A woman came to the ER with signs and symptoms of a small bowel obstruction. She was brought by her daughter-in-law, who lives locally. She is from Mexico, a Mexican national. Her story starts about the end of last summer when she fell ill and was hospitalized in Mexico. While there she was found to have a large pelvic tumor causing obstruction of both her colon and her right ureter. At operation both of these were bypassed. She and her family were told she had an unresectable colon cancer. She apparently underwent a weeks worth of chemotherapy with little result. OK, enough history.

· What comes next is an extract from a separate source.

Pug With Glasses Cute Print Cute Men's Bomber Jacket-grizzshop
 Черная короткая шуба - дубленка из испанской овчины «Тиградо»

While here she had a bowel obstruction. CT scan showed a large, amorphous mass in the pelvis; but curiously no real suggestion of liver mets. In other words, something not acting like a colon cancer. I took her to the operating room as her bowel obstruction didn’t improve. At operation I found cancer everywhere, except the liver. I’ll save the suspense. This was acting much more like metastatic ovarian cancer than colon cancer. Pathology proved me right.
Here’s where parts of the story get interesting. Ovarian cancer is *very* responsive to chemotherapy. In fact, many tumors that could be considered incurable do *amazingly* well. End of the medical part of the story. The family checked her out of the hospital *against medical advice* to take her home to be with her family in her death.
This post isn’t about the tragedy of her seeming *misdiagnosis* in Mexico, or her family’s decision not to have me consult an oncologist to potentially treat her.
This patient was likely driven across the border by her family and came promptly to the hospital. In the few days she was in our country her family had gotten her qualified for *emergency* Medical, California’s Medicaid system. How is it that an *tourist* is able to qualify for paid State medical care. Does anyone really think that this patient’s medical bills — hospital bills, lab bills, radiology bills, consultant bills, and oh yeah my bills, will ever get paid? I don’t know — they might. But from past experience, I’m not betting on it.
BTW, if don’t start thinking that this is an isolated incident. I’ve got lots of other stories, this one just happened to be the most recent.